The entries are to be returned exactly, with images left out.

──────── DATASET CONTENT ────────

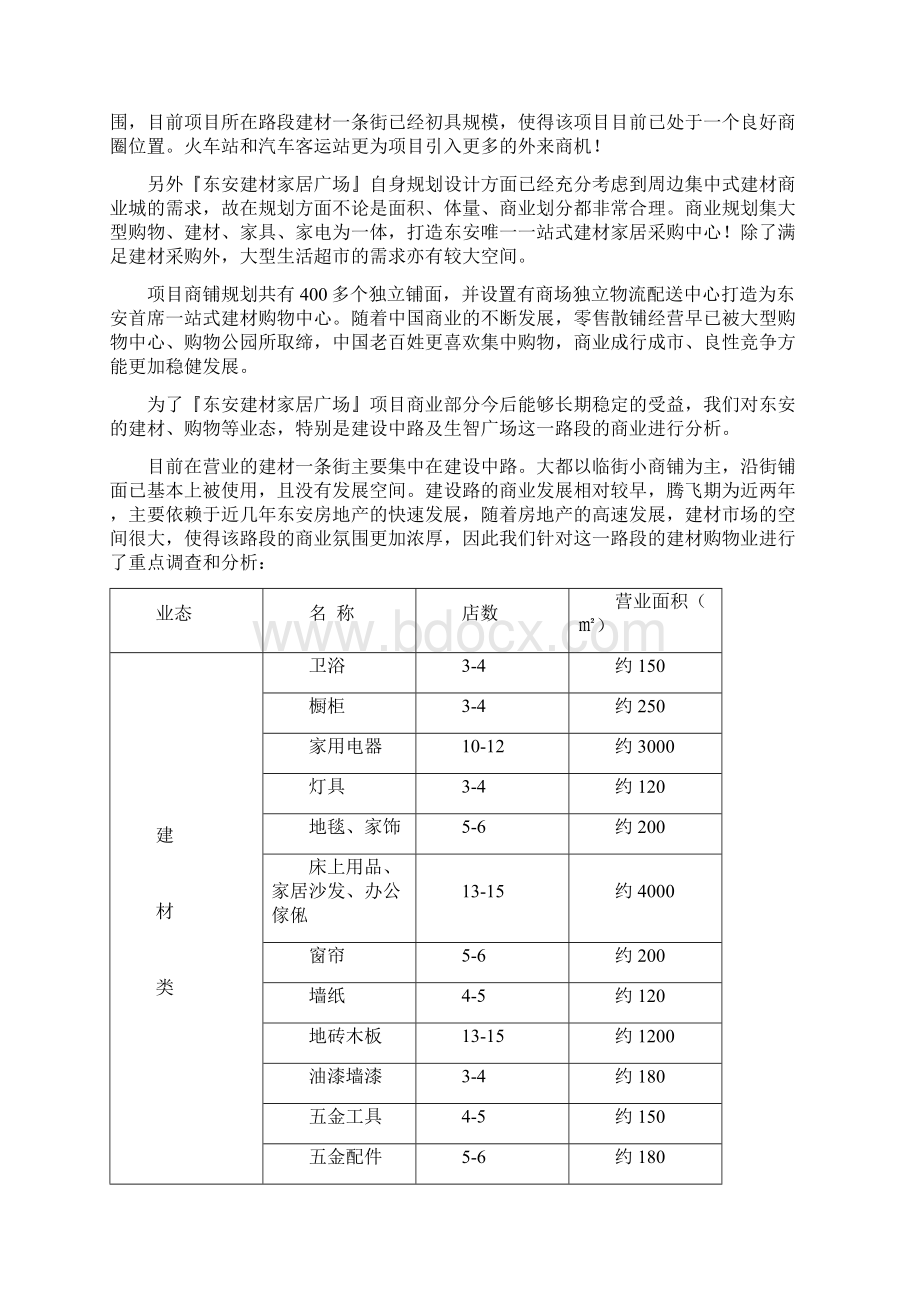 东安建材家居广场招商方案.docx_第3页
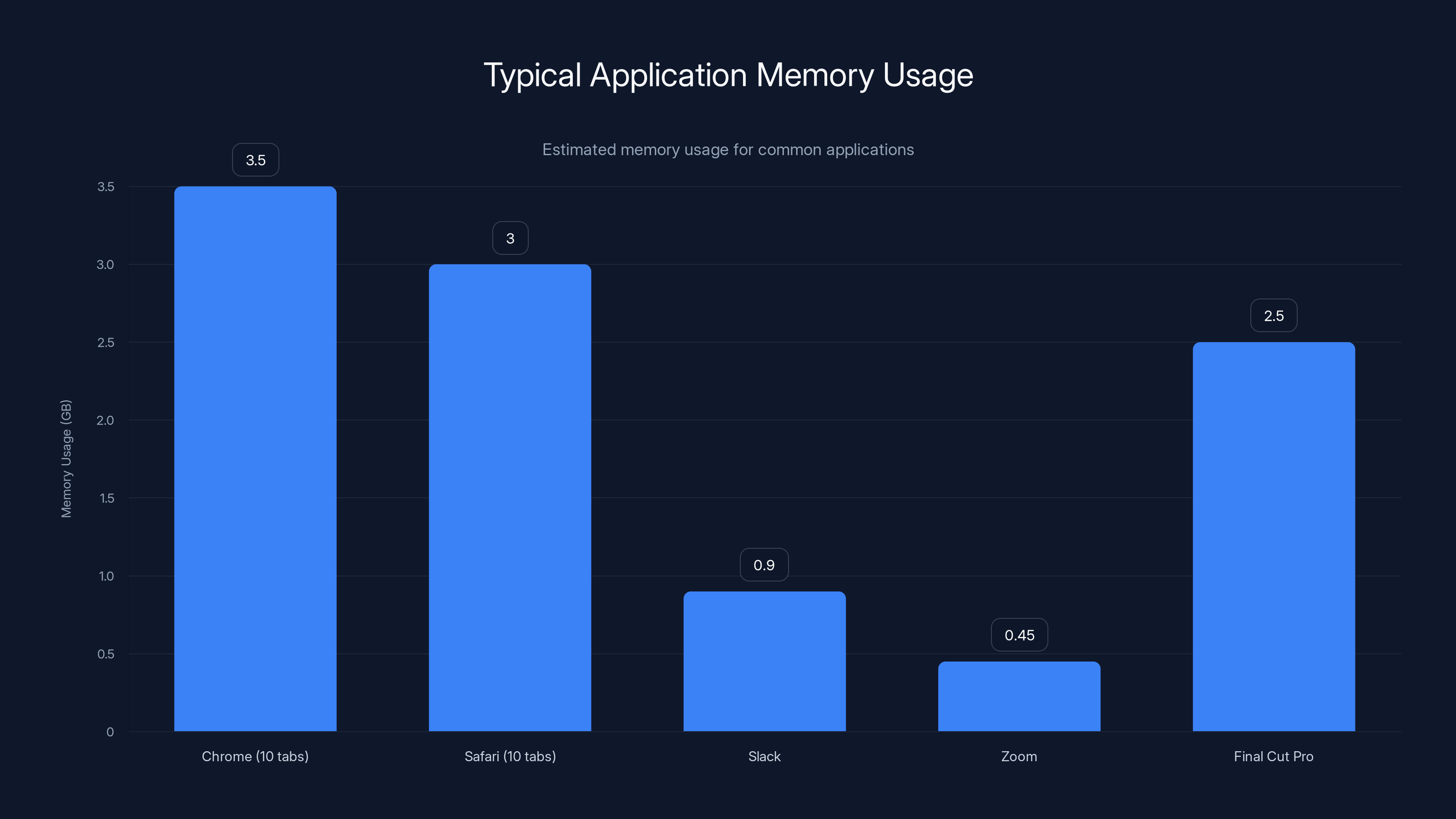 Typical Application Memory Usage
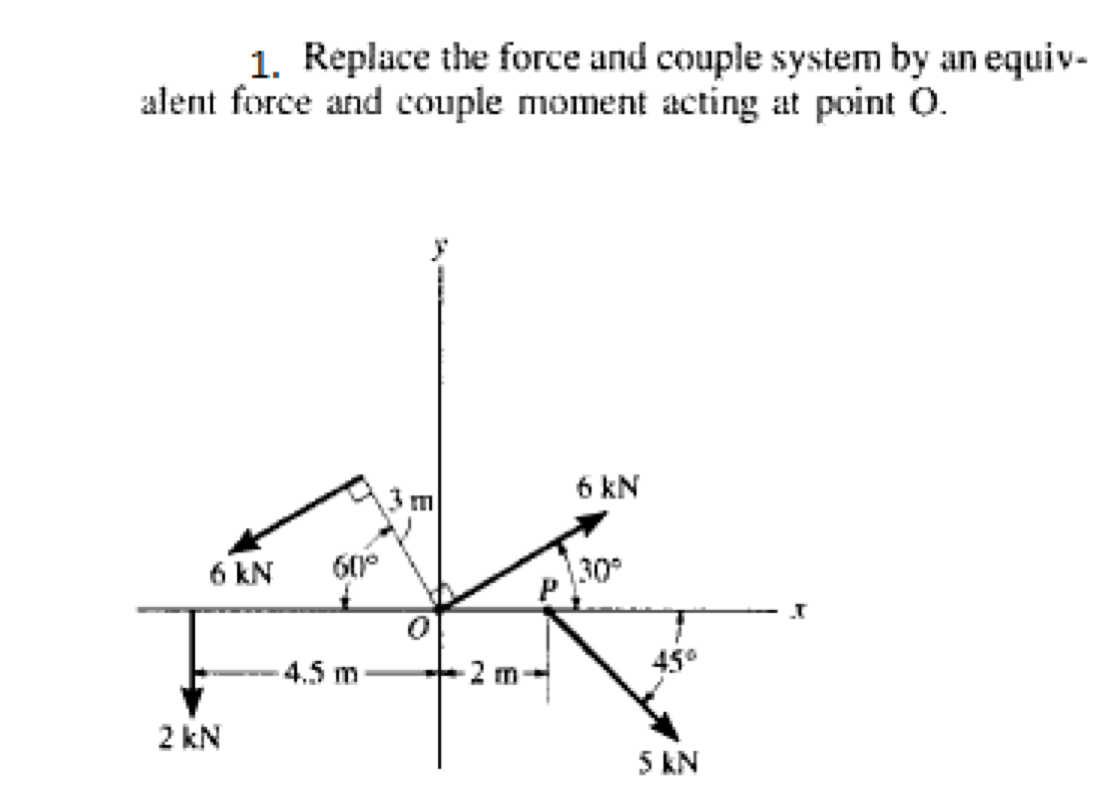 solved-1-replace-the-force-and-couple-system-by-an-chegg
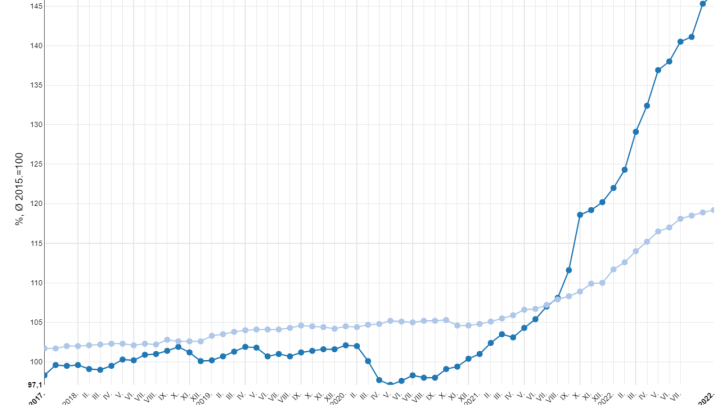 Boom na tržištu: Cijene građevinskih materijala porasle za više od 19% u odnosu na 2015. godinu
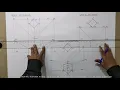 TWO POINT PERSPECTIVE-2 PLACEMENT OF PP THREE CONDITIONS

────────

> **RESPONSE BELOW**
 东安建材家居广场招商方案.docx_第3页
 Typical Application Memory Usage
 solved-1-replace-the-force-and-couple-system-by-an-chegg
 Boom na tržištu: Cijene građevinskih materijala porasle za više od 19% u odnosu na 2015. godinu
 TWO POINT PERSPECTIVE-2 PLACEMENT OF PP THREE CONDITIONS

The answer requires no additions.